Bill Burr wrote the manual on how to create a secure password for your internet-based accounts. It said that your password should be a collection of numbers and characters and you need to change in every 90 days. But now, 15 years later, Burr has told the Wall Street Journal that he was wrong. There is a better way for the password.
Those passwords with random numbers, uppercase letters or special characters are pretty easy for a computer programme or hacker to crack, even if they are tough for us to remember.

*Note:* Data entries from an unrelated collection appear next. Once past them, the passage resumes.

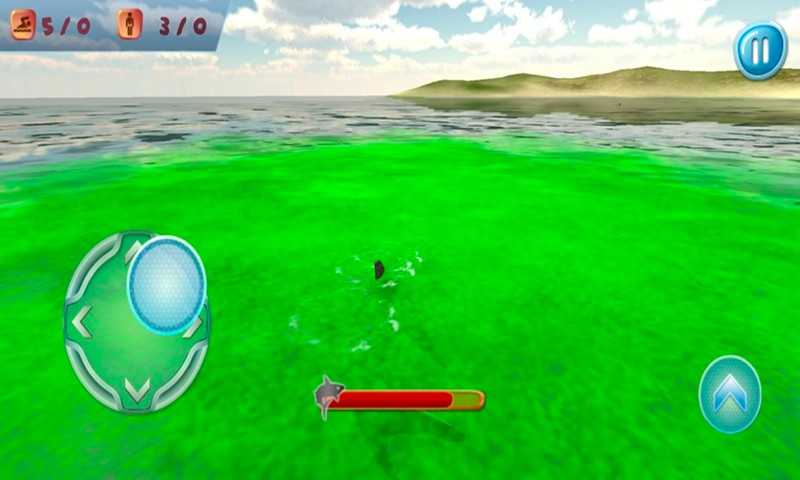 大白鲨大作战中文版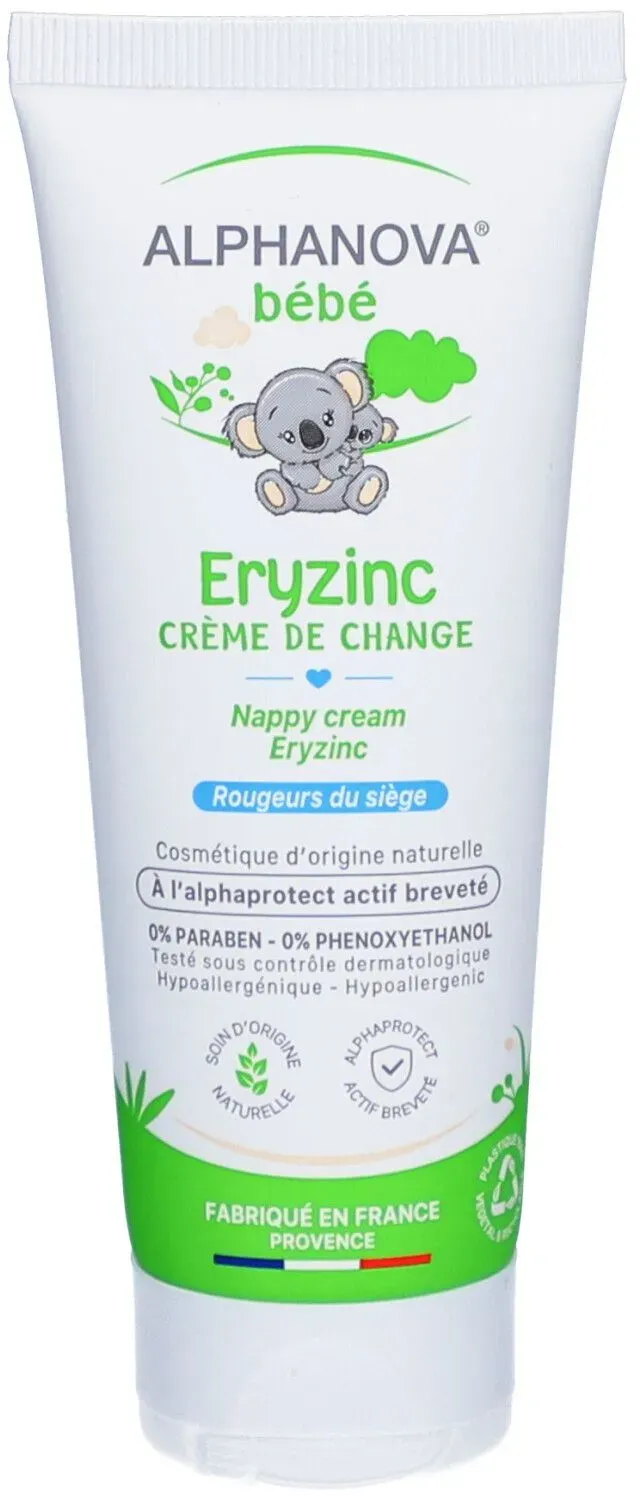 Alphanova BB Eryzinc Crème Change Tb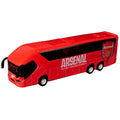 Red-Blue-Gold - Front - Arsenal FC Die Cast Team Toy Bus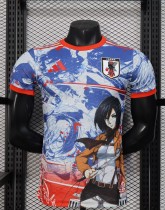 25-26 Japan Special Edition Player Version Soccer Jersey (红袖边) 25-26 Japan Special Edition Player Version Soccer Jersey (红袖边)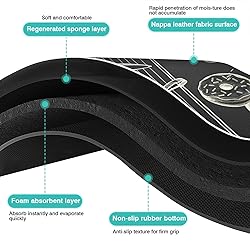 Coffee Bar mat Accessories for Countertop Absorbent
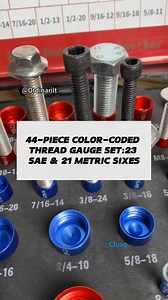 🔧Still struggling with guessing bolt sizes? Say goodbye to mismatched parts! ❤️Metric and SAE sizes, no need to charge—just pick it up and quickly check threads. Made of durable alloy and compact, it's perfect for DIY, mechanical repairs, or home maintenance. | Ordinarilt.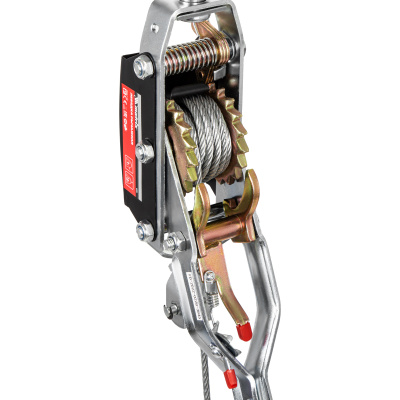 Лебедка рычажная, тяга 4 т, подъем 1.6 т, двойное храповое колесо Matrix купить в Москве с доставкой по всей России | ProtosMarket.ru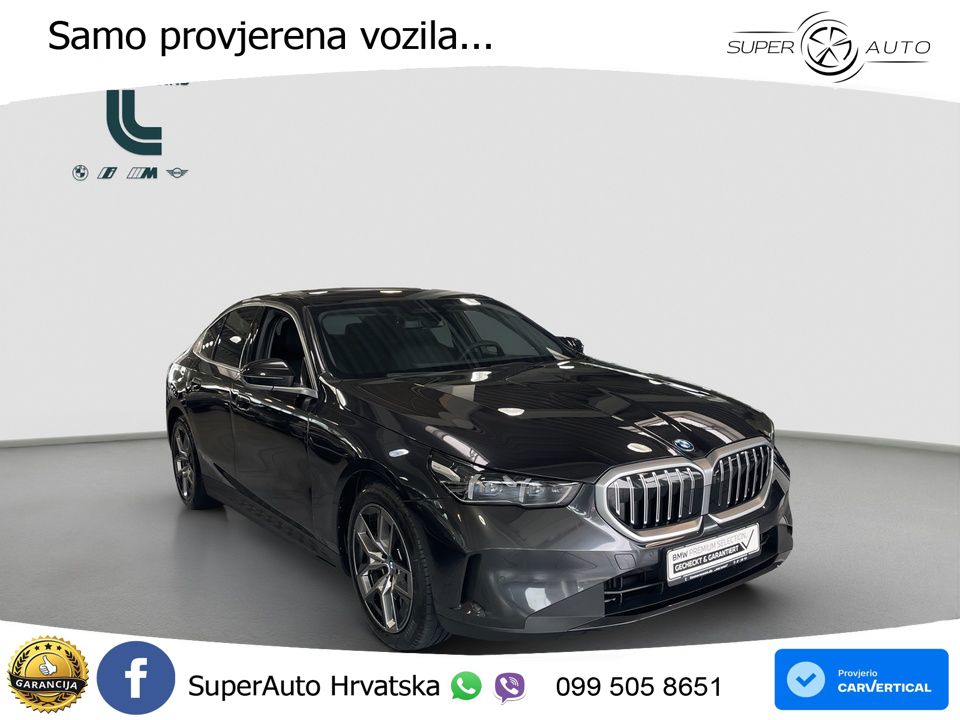 BMW 530e (299 KS) Steptronic LED+GR SJED+ACC
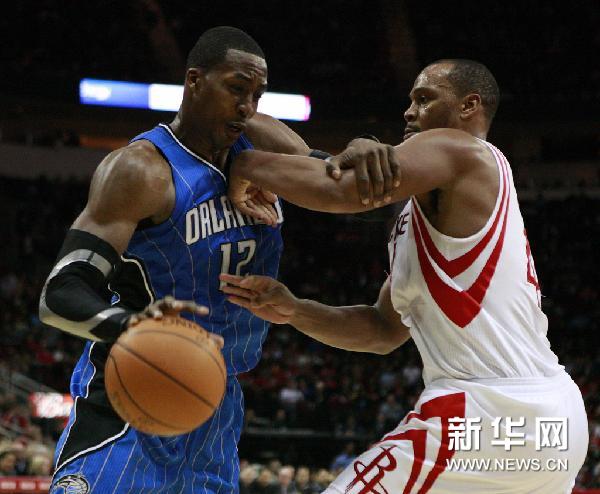 NBA：魔術(shù)118:104小勝火箭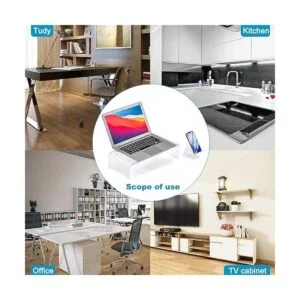 KMANDLU Soporte de monitor acrílico de alta calidad_5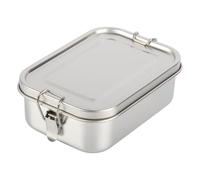 Jolie Max Stainless Steel Bento Lunch Box 750ml - Leakproof Lid, Removable Divider, Durable Metal Food Container, Dishwasher Safe - Ideal for Work, School & Travel (1)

Research has shown that, in fact, these passwords can be cracked by a computer in as little as two or three days. Changing your password regularly can also make you likely to choose easier ones because you are constantly having to remember something new.
How to create a secure password today
The good news is that there is an alternative and it is probably easier for humans.
Instead of using a standard one-word password with a range of characters use a longer password or better still, create a passphrase. This is a string of words with or without spaces in-between. Research shows that a password like this can take around 550 years to guess.
Some tips for creating a good password or passphrase
If you are planning to reset your passwords for your WordPress login or other accounts now, here are some tips…
- Use at least four words in your passphrase or make your password 8-10 characters at the very least.
- Use a random selection of words. But make it memorable – think of something you could picture in your add.
- Think about adding some capitals or symbols or shortening one word to make it even harder to guess
- Pick a phrase that is common, such as a well-known book quote or song lyric
- Use anything too personal that someone could guess from your online profiles
- Use repeated patterns or sequential numbers or letters
- Write your passwords down
If you have multiple online accounts, you should still have a separate password for each one. If you have trouble remembering many passwords, then think about using a password manager to secure your accounts for you. And if you are entering passwords or passphrases online make sure the site you are using is secure.